Step 6 — Streaming the Agent’s Brain

This is one of my favorite parts:

async for chunk in agent.astream(...):

Instead of waiting for a final answer, we stream updates.

Each chunk contains:

  • The current step
  • The latest message
  • Tool invocations
  • Observations

And we log it:

output_dict = {"step": step, "content": content}

Why this matters:

If you’re building agents and you don’t log intermediate reasoning, you’re flying blind.

Streaming gives you:

  • Debug visibility
  • Traceability
  • Reproducibility
  • Post-run analysis

This is how you turn experimentation into engineering.

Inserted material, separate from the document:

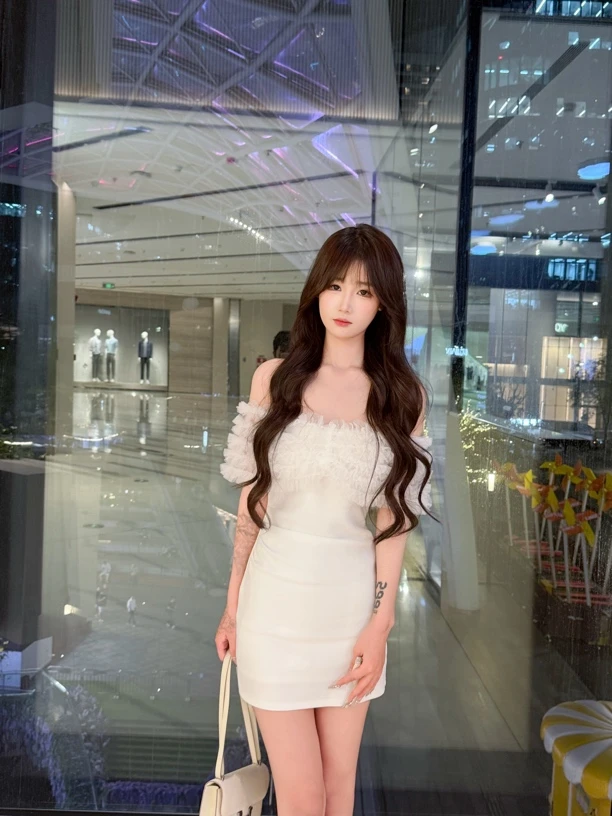 法式一字肩立体木耳卷边网纱抹胸修身连衣裙温柔纯欲慵懒风女装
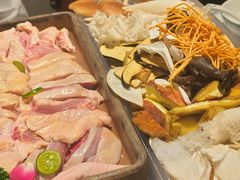 -野·大山里野生菌石锅土鸡(益田假日店)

Step 7 — Recursion Limit (Yes, This Is Important)

RECURSION_LIMIT = 500

Agents can loop.

Bad prompts = infinite loops.

This config ensures:

“If you exceed 500 reasoning steps, stop.”

It’s a safety rail.

In agent systems, guardrails matter.


The Architecture in Plain English

Here’s what’s really happening:

Layer Responsibility
SAP Gen AI Hub Enterprise LLM access
Prompt Registry Controlled system behavior
LangGraph Agent reasoning loop
MCP Tool protocol abstraction
Playwright Real browser automation
Rich + Logging Observability
JSON output Persisted trace

Each layer has one job.

Together, they create a system that can:

Read instructions. Try them. Validate them. Report back.

That’s powerful.


Why This Isn’t “Just Another Agent”

Most tutorials stop at:

“Here’s how to build a chatbot.”

This goes further:

  • It interacts with real systems.
  • It uses enterprise AI infrastructure.
  • It separates prompts from code.
  • It streams reasoning.
  • It logs everything.

It’s closer to AI QA automation than chat.

And that’s where agents get interesting.


What You’re Really Learning From This Script

Underneath the imports and async calls, this code teaches five big ideas:

1️⃣ LLMs are reasoning engines — not just text generators

2️⃣ Tools turn LLMs into actors

3️⃣ MCP standardizes tool connectivity

4️⃣ LangGraph manages agent loops safely

5️⃣ Observability is mandatory in production agents

If you remove any of these, the system gets weaker.

Together, they create a controllable AI worker.


What I’d Improve Next

If I were evolving this:

  • Add structured evaluation scoring
  • Add pass/fail outputs
  • Capture screenshots on failure
  • Persist full tool traces
  • Integrate with CI/CD

Because once an agent can test tutorials…

It can test documentation. It can test onboarding flows. It can test apps.

That’s where this goes.


Final Thoughts

This script isn’t flashy.

It doesn’t generate memes.

It doesn’t chat.

But it demonstrates something far more important:

How to architect a real AI agent system in an enterprise setting.

LLM + Tools + Governance + Observability.

That’s the pattern.

And once you understand that pattern, you stop building demos — and start building systems.